I've been developing some database structure to cover the following business rules:

  • An invoice has many invoice_items.
  • An invoice may have many refunds
  • A refund has many invoice_items.
  • All items should be from the same invoice.
  • A refund should always have items.

So I came up with the entity-relationship diagram (ERD) shown bellow:

ERD 1

I'd like to see which invoice_items are included in the refund.

However, in this case, it would not be possible to add a FOREIGN KEY (FK) (InvoiceItems => refunds). The reason is that an invoice may or may not have refunds.

So I modified the diagram as follows:

ERD 2

Here I could add the FK (refund_invoice_items => invoice_items)

Questions

I think this can work around the FK problem, so: Do you think this is an appropriate approach or have any ideas about it?

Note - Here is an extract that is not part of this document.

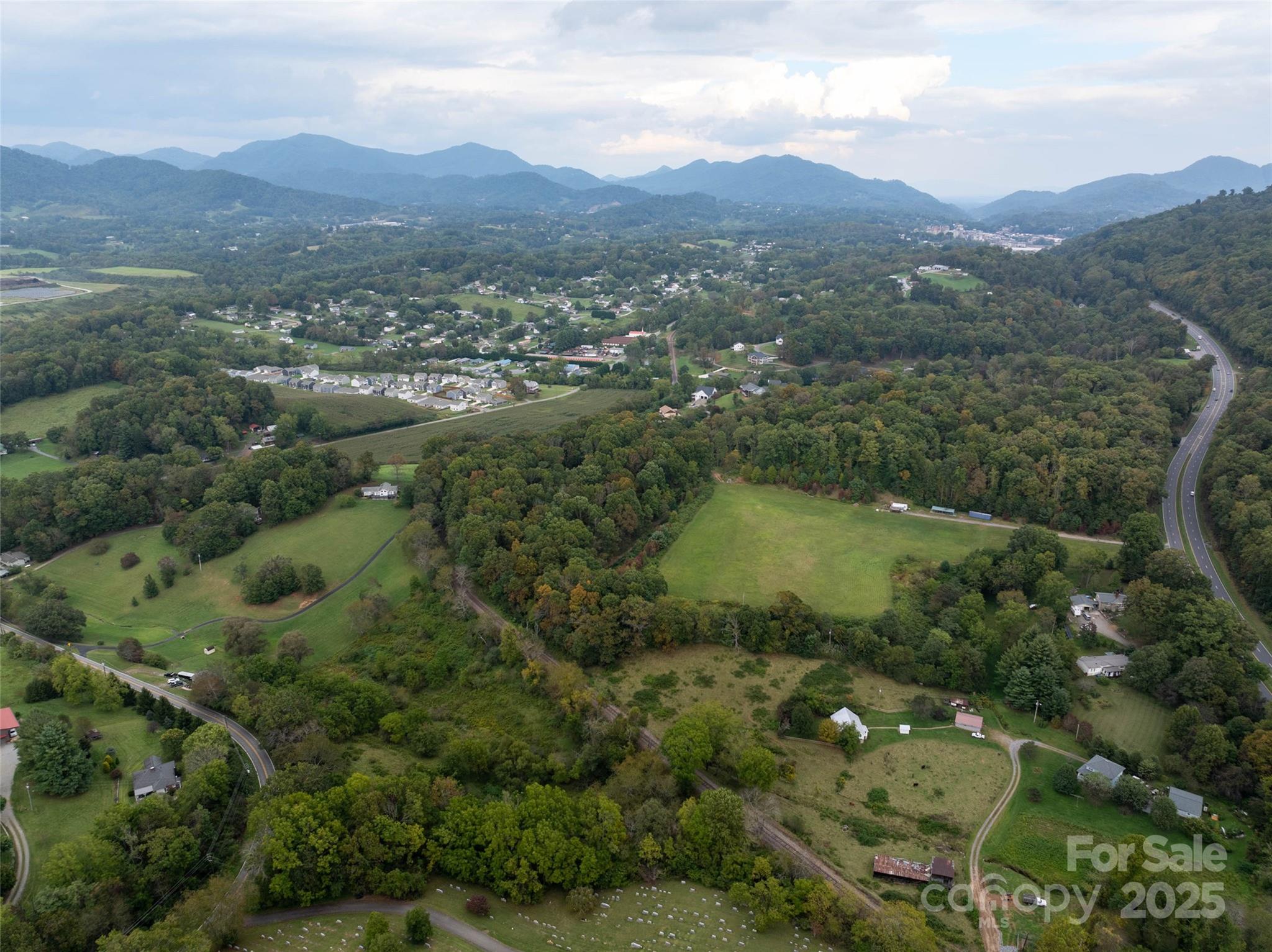 Acreage at 99999 Old Clyde Road, Canton, photo 14 of 15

The main question is that if I could store NULL marks in the FK column, the first example would be better? (In my case I always add NOT NULL constraint to columns defined as FKs)

Best Answer

To me, your first diagram is good enough (in physical model perspective) with details like the following:

[invoice table]
invoice_id primary key
....

[refund table]
refund_id primary key,
invoice_id NOT NULL, -- FK
....

[invoice_item table]
invoice_item_id primary key,
invoice_id NOT null, -- FK
refund_id NULL  -- FK
....  

The data generation flow is

  1. An Invoice is created in [invoice table]
  2. One or more Invoice_items are created in [invoice_item table] referring to the invoice_id in step 1.(note invoice_id canNOT be NULL as defined in [invoice_item table], while refund_id can be null)
  3. When a refund record is generated, an associated invoice_id will be inside the record, and one or more invoice_item records (belonging to that invoice_id) will consequently be updated for their refund_id column.

However, for a pure normalized data model, your second model is more robust (note, your current model diagram has a typo, the relationship between REFUNDS and REFUNDS_INVOICE_ITEMS should be 1:N not N:1). The major advantage of model 2 is that it can meet your integrity requirement of (while model 1 cannot meet):

All (refund) items should be from the same invoice.

note: I added (refund)

But model 1 is better for real world performance (fewer joins), and I often would sacrifice space for performance. In this case, model 1 will have lots of invoice_items with refund_id NULL, while in model 2, you do not have such concerns.

So at the end of the day, you need to balance your concerns between performance/convenience and strict business requirements. In Model 2, your integrity is guaranteed by database itself and you need to guarantee your integrity at application level in model 1.